We are going to use spring boot to develop a basic application. Initialize a springboot project using spring initializr extension in vscode. Select the springboot version, java version and build a maven project with the default names (com.example and demo) provided by the initializr . Add spring dev tools, spring configuration processor, lombok and spring web as add-ons in the project and save the project to your desired folder. Later, we will see what each of these add-ons do.
Once you have opened the project in the code editor, create a new folder in the demo folder called controllers. Then create a file called HelloController.java.
Three references on springboot
https://docs.spring.io/spring-framework/reference/overview.html
https://docs.spring.io/spring-framework/reference/core/beans/introduction.html
https://spring.io/guides/gs/rest-service
When a request comes to springboot, the request goes to a class called Dispatcher Servlet. This class routes the request to the appropriate controller by talking to someone called Handler Mapping class. It asks for the method to serve the particular request. The handler mapping has a map of the routes and their corresponding methods in the corresponding controllers.
Upon receiving the method, the servlet will call the controller method with the relevant arguments. Once the controller passes on the request to the service and the service responds to the request, the controller sends the response back to the servlet. The servlet then sends the response back to the client.
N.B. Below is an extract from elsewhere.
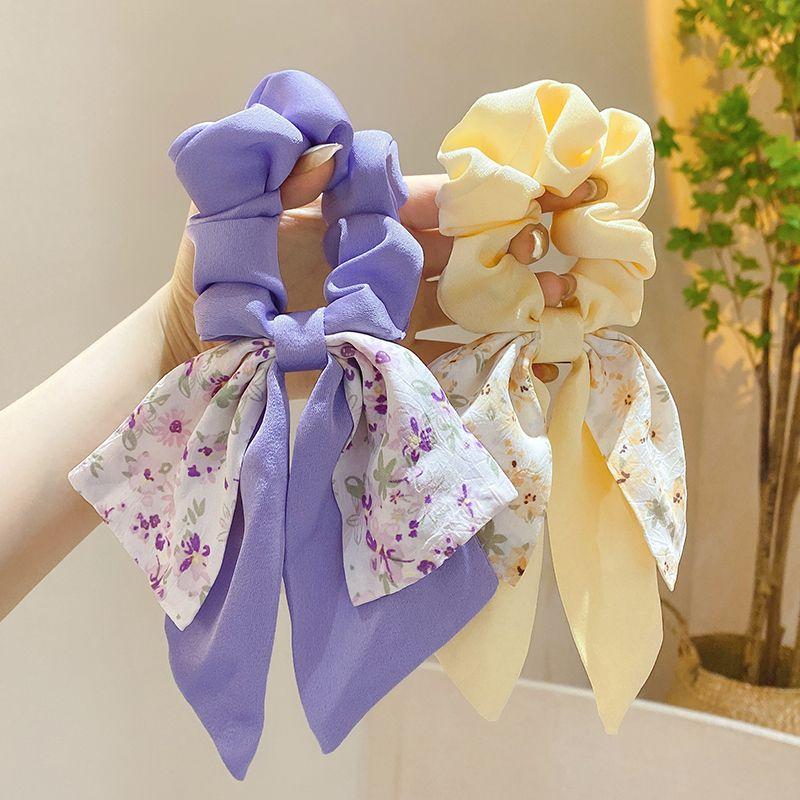 Broken Flower Bowknot Large Intestine Hair Ring Female Tie Hair Headstring Hair Band Small Scarf Ribbon Headwear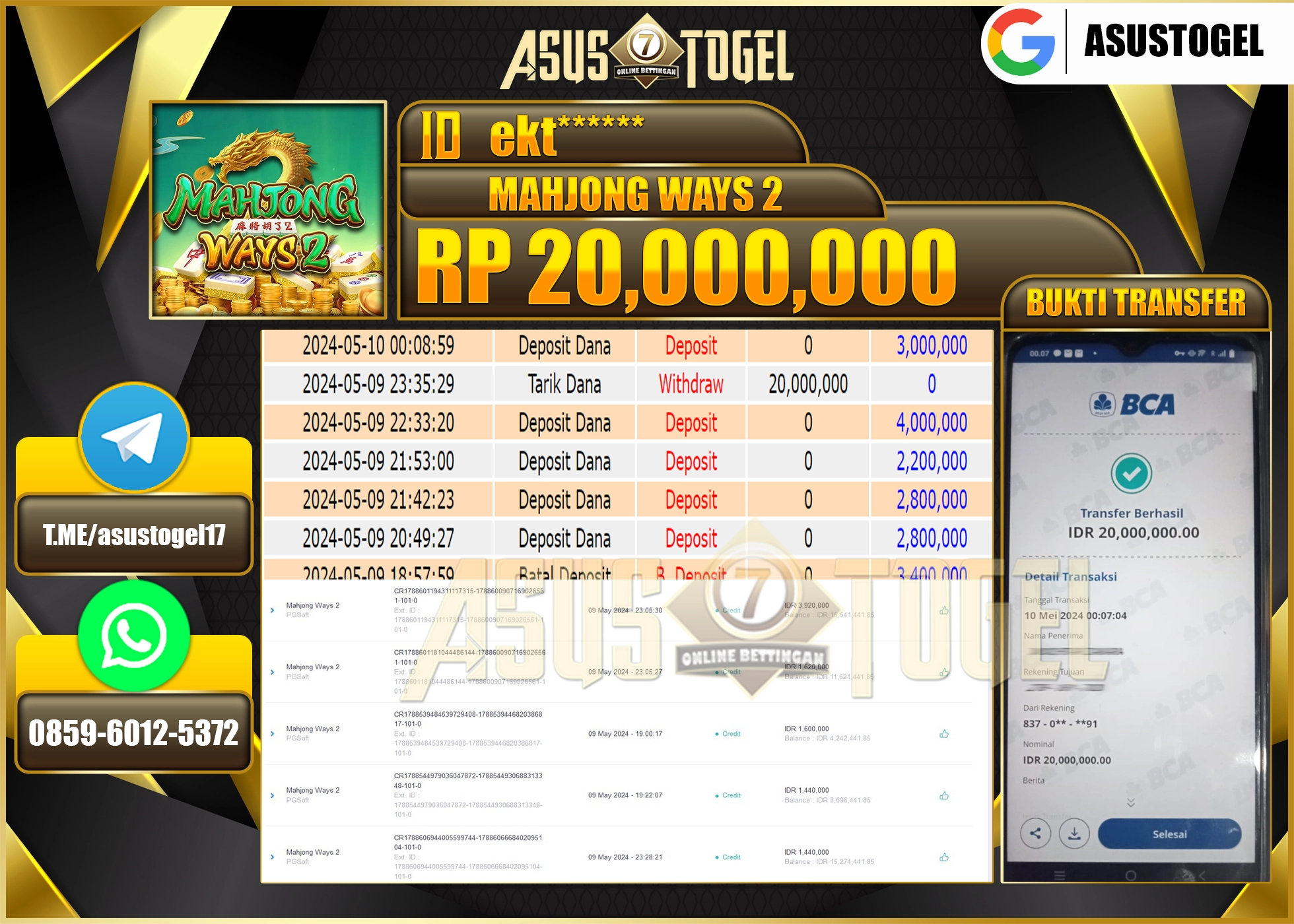 ASUSTOGEL MENANG GAMES MAHJONG WAYS2 20.000.000- LUNAS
Some of the features of a product service are
- Create product
- Get details of a product
- Search product
- delete product
There are a couple of ways we can implement the product service
-
Using a database. Here, we store details of products in the database. When we create a product, the product service will create an entry in the database. When we request the details of a product, the product service will get it from the database.
-
Using a third party API provider. When a client requests the details of a product, the product service will get these details from the third party api.
We are going to focus on using a third party API provider to build the product service in this section. The third party API provider we will use is the Fakestore API. We will implement proxy APIs for the APIs provided by Fakestore.
The product service should support CRUD operations for products. Inorder to create the class diagram, we need to find the nouns in the requirements.
-
Product. Fakestore stores id, title, price, category, description and image url of a product. The datatype of id is integer, title is string, price is double, category is another entity, description is a string and image url is also a string.
-
Category. This entity will store the id and name of the category. The datatype of id is integer and name is a string.
Both these classes will become models in our codebase. These are the tables that will be created in the database.
In general, the service in the controller should be an interface because we retain the flexibility to choose the implementation we want.
We should use the RestTemplate library to call third party APIs. We need only one instance of such a class to make third party API calls. This one instance can be used by multiple services to make these API calls. So, it makes sense to instantiate this object as a bean that can then be used by multiple services.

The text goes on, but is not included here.